● Data extracted from a collection

******

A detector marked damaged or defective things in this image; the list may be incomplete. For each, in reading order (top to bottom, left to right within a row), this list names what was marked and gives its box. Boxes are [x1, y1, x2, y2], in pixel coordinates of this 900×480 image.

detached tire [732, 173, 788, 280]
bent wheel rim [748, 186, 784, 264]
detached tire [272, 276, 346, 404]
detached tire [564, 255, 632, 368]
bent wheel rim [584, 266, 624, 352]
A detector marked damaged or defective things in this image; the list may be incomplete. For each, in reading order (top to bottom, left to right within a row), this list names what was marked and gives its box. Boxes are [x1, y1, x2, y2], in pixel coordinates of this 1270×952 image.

******

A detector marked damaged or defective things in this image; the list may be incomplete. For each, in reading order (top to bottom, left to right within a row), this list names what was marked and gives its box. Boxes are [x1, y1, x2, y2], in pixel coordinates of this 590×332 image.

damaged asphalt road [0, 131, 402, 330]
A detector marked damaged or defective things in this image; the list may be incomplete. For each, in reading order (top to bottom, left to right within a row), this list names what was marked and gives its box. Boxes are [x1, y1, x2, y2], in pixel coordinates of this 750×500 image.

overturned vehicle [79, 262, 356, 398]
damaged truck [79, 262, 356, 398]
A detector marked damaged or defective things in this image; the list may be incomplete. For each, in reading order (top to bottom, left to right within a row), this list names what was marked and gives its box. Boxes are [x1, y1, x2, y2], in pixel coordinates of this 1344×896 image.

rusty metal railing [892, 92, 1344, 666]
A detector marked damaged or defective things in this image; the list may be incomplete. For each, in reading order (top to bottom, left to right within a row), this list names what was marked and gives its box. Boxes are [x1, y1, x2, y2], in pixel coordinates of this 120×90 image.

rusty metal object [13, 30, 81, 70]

******

● What to produce
The answer is the run of lines above from the line containing "this 900×480 image." through the line containing "this 1270×952 image.", copied exactly and alone.

● Written answer
A detector marked damaged or defective things in this image; the list may be incomplete. For each, in reading order (top to bottom, left to right within a row), this list names what was marked and gives its box. Boxes are [x1, y1, x2, y2], in pixel coordinates of this 900×480 image.

detached tire [732, 173, 788, 280]
bent wheel rim [748, 186, 784, 264]
detached tire [272, 276, 346, 404]
detached tire [564, 255, 632, 368]
bent wheel rim [584, 266, 624, 352]
A detector marked damaged or defective things in this image; the list may be incomplete. For each, in reading order (top to bottom, left to right within a row), this list names what was marked and gives its box. Boxes are [x1, y1, x2, y2], in pixel coordinates of this 1270×952 image.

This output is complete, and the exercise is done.